Simone de Beauvoir est celle dont le nom résonne avec le plus de force lorsque l’on évoque la dépénalisation de l’avortement avec la loi Veil de 1975. Mais Gisèle Halimi y joue aussi un rôle non-négligeable, et ce dès 1972 avec le procès Bobigny. Très médiatisé, ce procès où elle défend une adolescente qui avait clandestinement avorté suite à un viol, marque les esprits. Un an plus tôt, elle avait signé le manifeste des 343 femmes qui déclarent avoir avorté. On y retrouve aussi Simone de Beauvoir, Violette Leduc ou encore Agnès Varda. Toutes sont dans l’illégalité aux yeux de la loi, et Gisèle Halimi est la seule avocate à signer. Battante, elle l’était pour elle mais surtout pour les autres femmes. Non seulement elle veut dépénaliser l’avortement, mais elle souhaite également instaurer un accès facilité à l’éducation sexuelle, la contraception et la défense gratuite des femmes poursuivies pour avortement. C’est à cette fin qu’elle crée l’organisation « Choisir la cause des femmes » en 1971, avec entre autres Simone de Beauvoir, Christiane Rocheford et Jacques Monod. De plus, le procès d’Aix de 1978 est également un de ceux qui ont fait grand bruit. Sa défense d’un couple de femmes violées par trois hommes, quatre ans avant la date du procès, criminalise le viol en 1980. Ce n’est plus un simple délit.
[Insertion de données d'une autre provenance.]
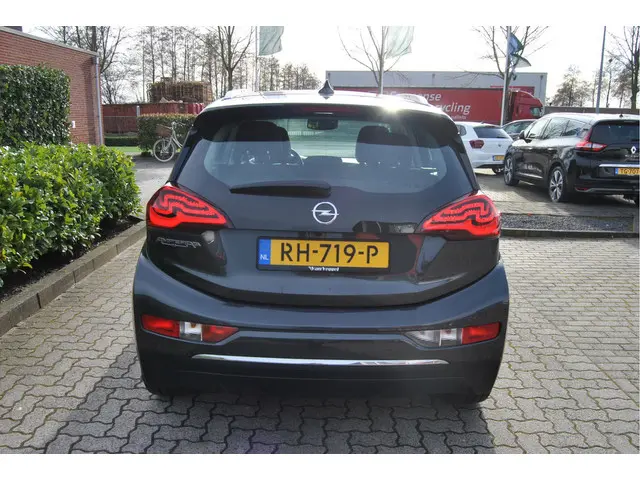 Opel Ampera-e Launch executive 60 kWh 2017 Elektrisch 14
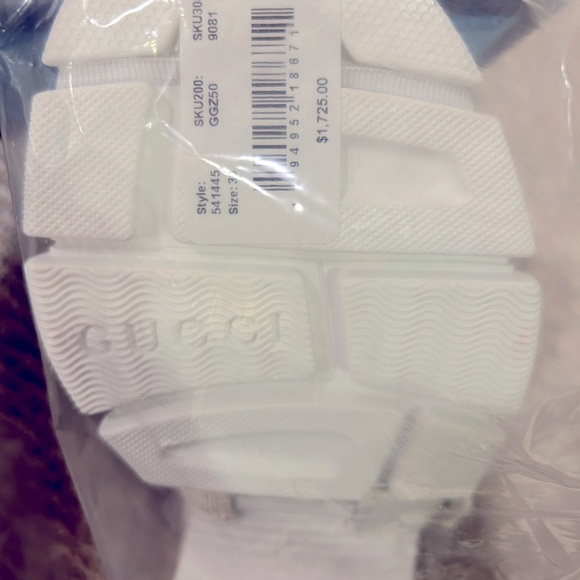 New Women’s Size 36 Gucci Sneakers, Comes With Everything Shown, $1725 Retail - Picture 3 of 5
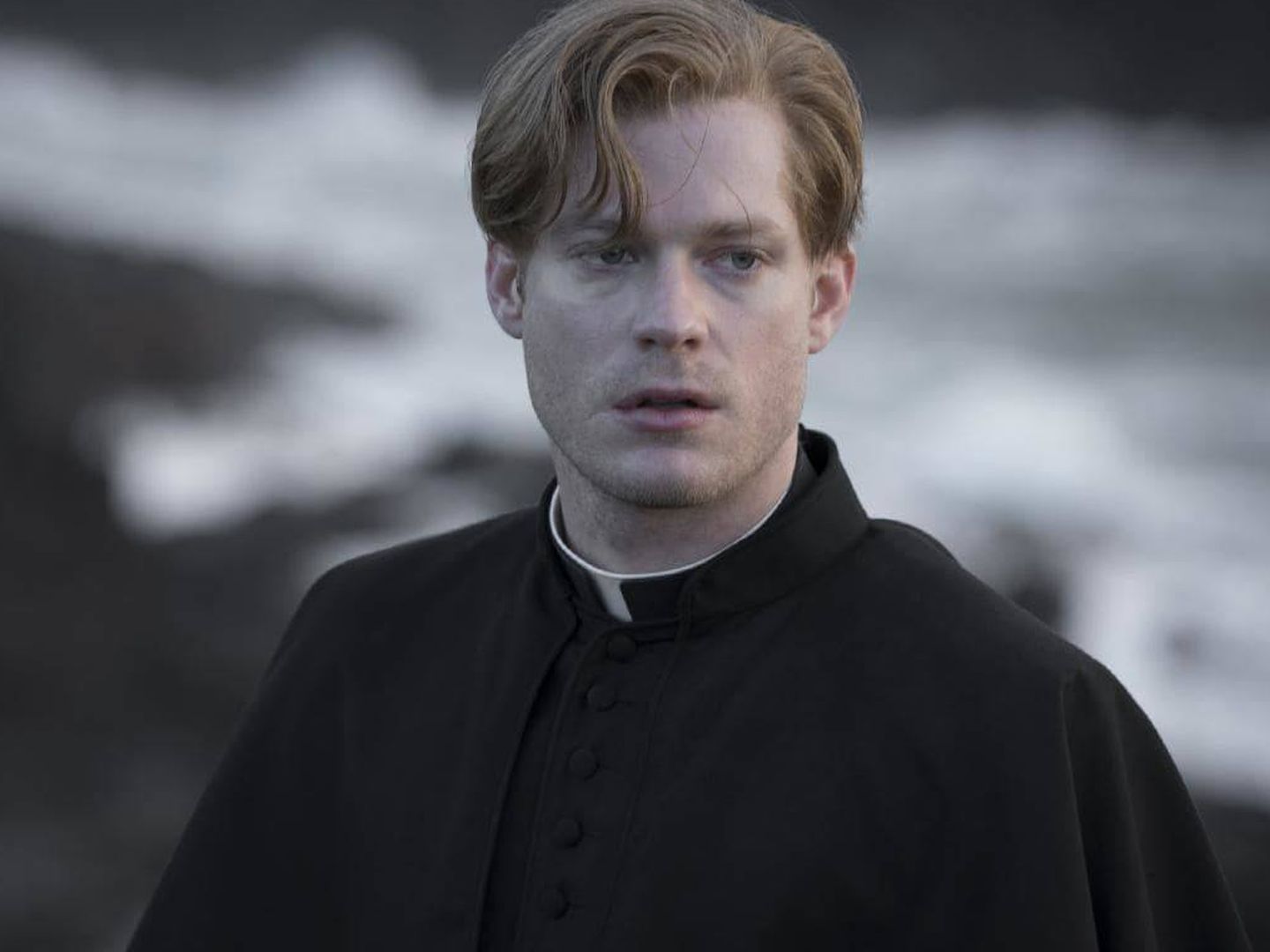 Sam Reid da vida al padre Ignatius en 'Lambs of God'. (HBO)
« Notre destin à toutes, ici, c’est la maternité. Un homme se définit, existe, se réalise, par son travail, par sa création, par l’insertion qu’il a dans le monde social. Une femme, elle, ne se définit que par l’homme qu’elle a épousé et les enfants qu’elle a eus. » Gisèle Hamili, extrait de sa plaidoirie de 1972 dans l’affaire Bobigny.

 Photo Michel Artault. Apis. Sygma. Getty Images

Ne nous résignons jamais, encore moins aujourd’hui.

Malheureusement ses mots sonnent encore d’actualité . Nombreux sont ses procès, et surtout ses victoires, qui ont fait bouger les lignes quant aux droits des femmes que nous connaissons aujourd’hui, mais il ne faut rien relâcher.  A  la question : « Comment êtes-vous devenue féministe ? », Gisèle Halimi y répond dans un court essai : Ne vous résignez jamais (2009). Ainsi, lorsque Dupond-Moretti lui rend hommage en disant que « son obsession était la justice pour tous. Et je devrais dire peut-être la justice pour toutes. » on se demande si cette obsession dont il parle n’était pas plutôt une nécessité. Nécessité de sortir de l’injustice due à son genre, nécessité de refuser ce destin tracé, nécessité encore actuelle de se battre pour les droits des femmes – et plus largement des minorités. S’il y a une chose que Gisèle Halimi doit nous léguer, c’est sa rage et sa force sauvage pour se battre contre le patriarcat.